“Complexity” may be an arguable concept, but anyone who’s been through an energy IoT implementation probably has a deeper understanding of the word than most. With mechanical and digital hardware to consider, and software and legacy systems to harness, developing an effective IoT-based energy management system is not a task for the timid.
Whether a utility or other power generating institution is contemplating a brand-new energy infrastructure or needs to upgrade and enhance existing systems, there are literally scores of decisions to make on the road to implementation. And in today’s environment, with consumer expectations of uninterruptible and personally manageable energy services, there is definitely a sense of urgency among first-time deployers and upgraders alike.
With pressure being exerted from all sides — customers, competitors, regulators and possibly stakeholders — utilities and institutional power producers are looking for a fast on-ramp to an efficient yet cost-conscious IoT-based energy management system. Rising to meet those needs, most vendors that supply energy-related IoT products and services are bundling both into platform packages that can drastically reduce the time it takes to become operational, while helping to mitigate complexity of dealing with numerous component vendors.
“It’s great that multiple vendors can do multiple things,” said Mohamed Shishani, Schneider Electric’s EcoStruxure Power deployment leader, USA. “But the customer doesn’t want to deal with 10 or 15 vendors for their own type of version of an IoT platform.”
The Components of an Energy IoT Platform
A discussion of what comprises an energy IoT platform may border on the philosophical as both sellers and buyers of platform products or services are likely to have a variety of perspectives relative to their specific needs and current pain points. Of course, the vendor’s expertise and product portfolio play the biggest part in its platform definition. So while a hardware vendor may tilt its definition toward the physical infrastructure, a software provider is likely to see the hardware as a given and the software as the true platform.
A report published by IDC (IDC MarketScape: Worldwide Industrial IoT Platforms in Energy 2019 Vendor Assessment, June 2019) includes the research firm’s definition that lists the characteristics of an IoT energy platform. The detailed definition is software-centric, and calls for support for basic industrial IoT protocols such as the Open Platform Communications (OPC) Unified Architecture, advanced analytics, built-in security facilities and APIs that allow access to data, among other capabilities.
IBM’s Utilities Industry Leader Terry Saunders has a somewhat different outlook on an energy IoT platform with a greater focus on the customer’s requirements and goals.
“My perspective is one that helps to fuel the value proposition for utilities around asset reliability and availability,” said Saunders.

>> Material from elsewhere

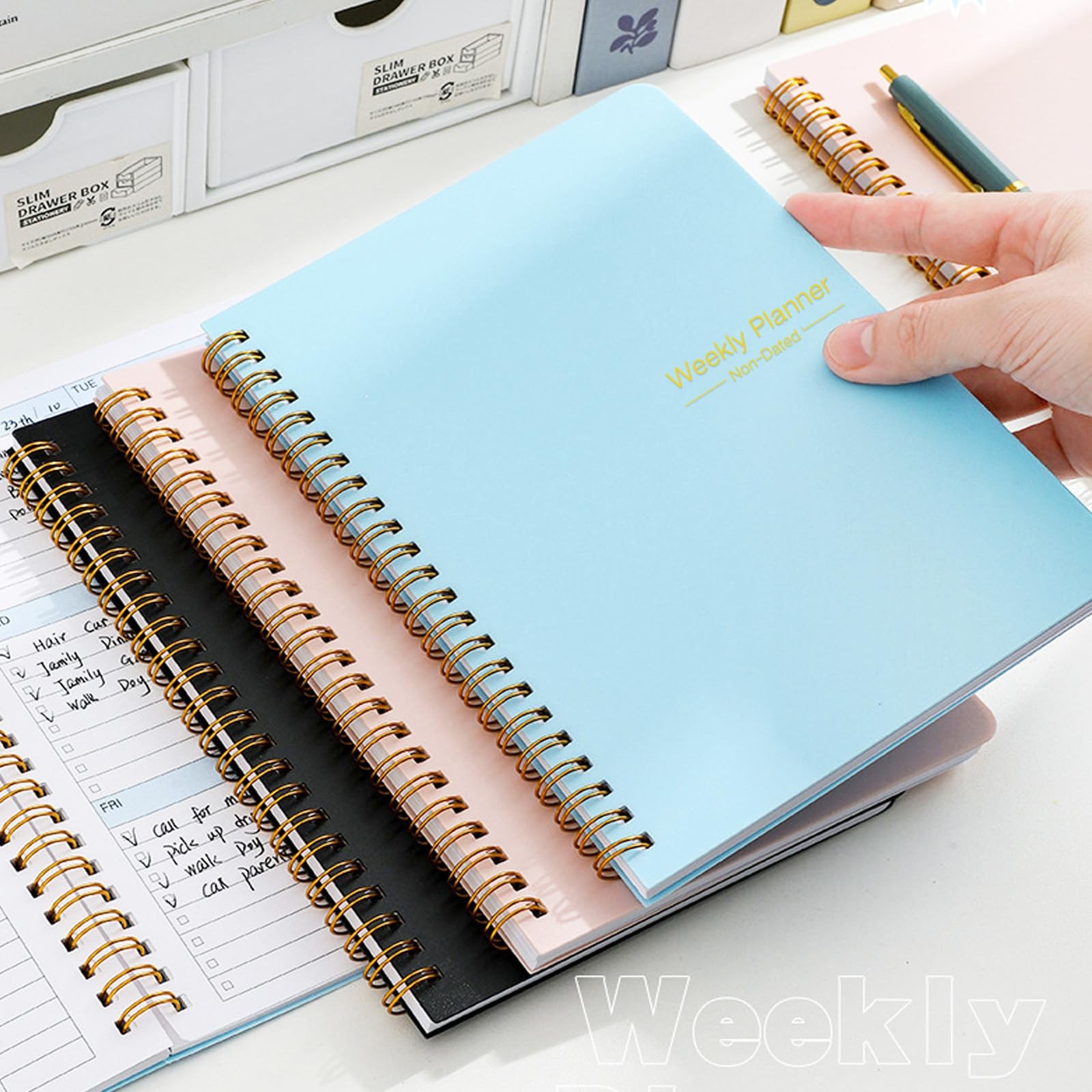 Undated Weekly Planner with Goal & Habit Tracker Notebook, Small Light Blue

His platform concept also goes beyond just hardware and software to embrace cloud-based resources. “We have a variety of on-ramps that help to support that and, obviously part of that with IoT is cloud services.”
Eduardo Estelles, chief executive officer and technical director of Glasgow, Scotland-based Logic Energy Ltd., suggests that a bespoke platform will likely provide the best fit. “I do not think there’s an off-the-shelf option,” wrote Estelles in an email. “In my experience always there’s some level of customization, otherwise you just have a data logger.”
How Vendors Are Responding to Platform Demand
The awareness that customers’ needs may define what a platform is has led many vendors in this market to retain a flexible approach that eschews cookie-cutter offerings in favor of more customized platform products.
Schneider’s Shishani describes three general layers that should be present to meet a customer’s requirements: smart hardware, interconnection with a supervisory layer (and edge control) and analytics that can plow through voluminous data to produce actionable information.
“I think when you have those three layers,” said Shishani, “you’re situated for a well-oiled machine from a standpoint of reliability, safety, availability, etc.”
IBM’s Saunders notes that exploiting a number of advanced technologies has enabled the company to expand its energy IoT offerings to better meet customers’ needs.
“We’re part of the Watson IoT platform,” said Saunders. “That exposes us to a great deal of research, cognitive services, machine learning — all of which gets exposed and embedded into our enterprise asset management and asset performance management solutions. So it’s really broadened the set of values for customers.”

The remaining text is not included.